Appellant, Western Industrial Maintenance, Inc. [“the company”] appeals from the district court’s award of attorneys’ fees in favor of appellee, International Union of Petroleum and Industrial Workers [“the union”]. The union petitioned the district court, pursuant to section 301 (29 U.S.C. § 185) of the Labor-Management Relations Act [“the Act”], for confirmation of an ar *427 bitration award based on a collective bargaining agreement between the company and the union. The district court confirmed the arbitration award and found that the company’s refusal to comply with the award was without justification. Based on this finding, the court awarded attorneys’ fees to the union. The company argues that the union did not make a sufficient showing of bad faith to justify the award of attorneys’ fees. We conclude that the district court’s finding is supported by the record, is not clearly erroneous, and therefore the award of attorneys’ fees was not an abuse of discretion.

BACKGROUND

Betty Sparks is a former employee of the company and a member of the union. In September, 1981, she filed a grievance alleging that “the company acted in a discriminatory manner when they” laid her off.

The collective bargaining agreement between the company and the union provides for a grievance procedure. The contract also provides for arbitration in the event that the grievance is not resolved. The grievance procedure provides that grievances shall be in writing and “must describe as fully as possible each alleged violation and the related facts.”

On February 5, 1982, the grievance was arbitrated. At the commencement of the arbitration, the union posed the following as the issues to be heard and decided:

Did the company violate the Articles of Agreement when Betty Sparks was laid off on or about September 18, 1981? [hereinafter “layoff issue”]
Has the company violated the Articles of Agreement by not recalling Betty Sparks back to work after being laid off on or about September 18, 1981? [hereinafter “recall issue”]

The company agreed that the layoff issue was properly before the arbitrator. It objected to arbitrating the recall issue, however, on the ground that the grievance, as processed through the steps of the grievance procedure, related only to the issue of discriminatory layoff. It argued that consideration of the recall issue could allow the union to lose on the actual grievance which was processed through the underlying grievance procedure but still prevail in the arbitration. After raising its objection, the company requested a recess for “a proper opportunity to prepare” for the recall issue if it was to be included.

The arbitrator denied the recess request. He also declared that because the parties were unable to stipulate as to the issues to be heard and decided, he would “form the issue ... through the process”.

On July 15,1982, the arbitrator issued his decision and award in favor of the union.
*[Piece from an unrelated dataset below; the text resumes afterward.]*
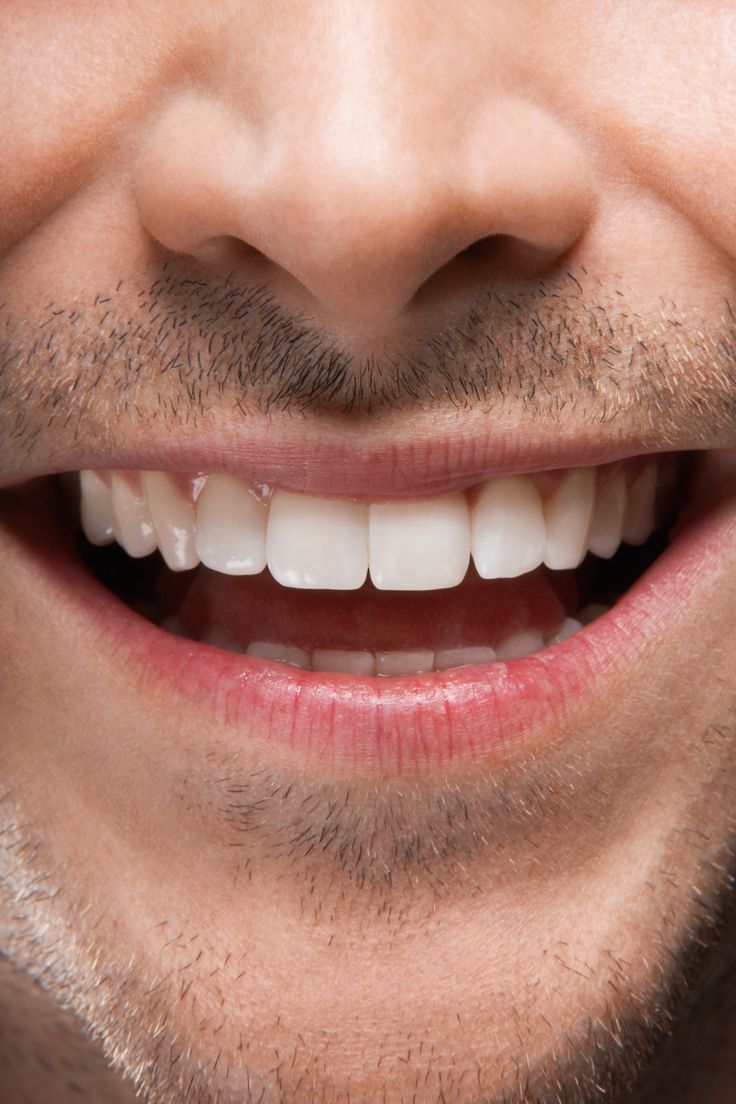 Implantes Dentários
The arbitrator framed the issues as posed by the union. He found that “the company did violate the Articles of Agreement with respect to the Grievant.” Under the award, the company was required to make the Grievant whole “from the time of the companies [sic] layoff”.
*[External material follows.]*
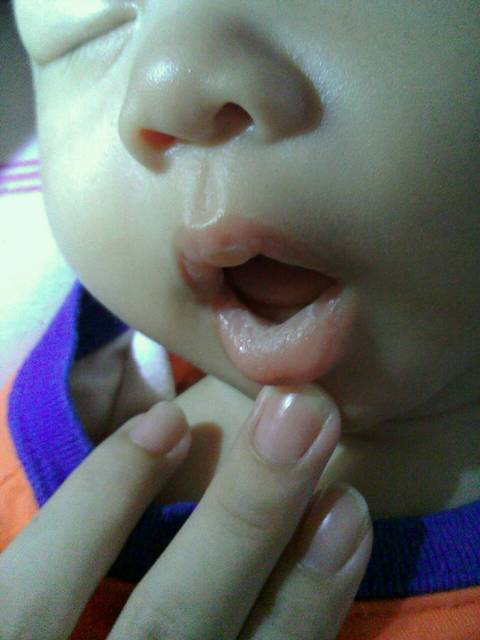 急,求救,求救_我小孩1个月多,这几天发现口腔里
The company refused to comply with the arbitrator’s award. The union thereupon petitioned the district court pursuant to section 301 of the Act for confirmation of the award, reinstatement and backpay for Sparks and reasonable attorneys’ fees. The company opposed the petition on the grounds that the award was invalid because of the inclusion of the nonarbitrable recall issue and the Arbitrator’s award conferred a seniority system on the union which it had not won through collective bargaining.

Following a hearing, the district court granted all relief requested by the union. Counsel for the union submitted an affidavit concerning the amount of attorneys’ fees incurred. The district court found that the company’s refusal to abide by the arbitrator’s award was “without justification”. It awarded $2,406.25 to the union as a reasonable attorneys’ fee. This appeal ensued. DISCUSSION

The company appeals only from the district court’s award of attorneys’ fees. It argues that the union made an insufficient showing of bad faith, vexatiousness, wanton or oppressive conduct to support the fee award. The union asserts that a sufficient *428 showing was made and the district court’s finding that the company’s refusal to abide by the arbitrator’s award was without justification is not clearly erroneous.
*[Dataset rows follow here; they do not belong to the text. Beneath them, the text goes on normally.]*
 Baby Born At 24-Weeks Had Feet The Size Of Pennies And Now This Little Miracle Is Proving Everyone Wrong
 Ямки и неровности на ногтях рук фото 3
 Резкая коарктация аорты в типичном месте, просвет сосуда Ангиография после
Under the American rule, absent contractual or statutory authorization, a prevailing litigant ordinarily may not collect attorneys’ fees. Miller-Wohl Co., Inc. v. Commissioner of Labor and Industry, 694 F.2d 203, 204 (9th Cir.1982). However, a court may assess attorneys’ fees “when the losing party has ‘acted in bad faith, vexatiously, wantonly, or for oppressive reasons’.” Alyeska Pipeline Service Co. v. Wilderness Society, 421 U.S. 240, 258-259, 95 S.Ct. 1612, 1622, 44 L.Ed.2d 141 (1975).

This court reviews a district court’s finding of “bad faith” under the clearly erroneous standard. Dogherra v. Safeway Stores, Inc., 679 F.2d 1293, 1298 (9th Cir.), cert. denied, - U.S. -, 103 S.Ct. 346, 74 L.Ed.2d 386 (1982). If bad faith is found, an award of attorneys’ fees is within the district court’s discretion. Id.

In this case the district court found that “[the company] without justification refused to abide by the Award of Arbitrator Clyde W. Yandell, dated July 15, 1982.” Based on this finding, the Court ordered the company to pay the sum of $2,406.25 as attorneys’ fees to the union.

The company does not argue that the district court’s “without justification” finding does not equate with the criteria set forth in Alyeska Pipeline, supra. The company’s sole argument is that the record does not support the finding that its refusal to abide by the arbitrator’s award was without justification.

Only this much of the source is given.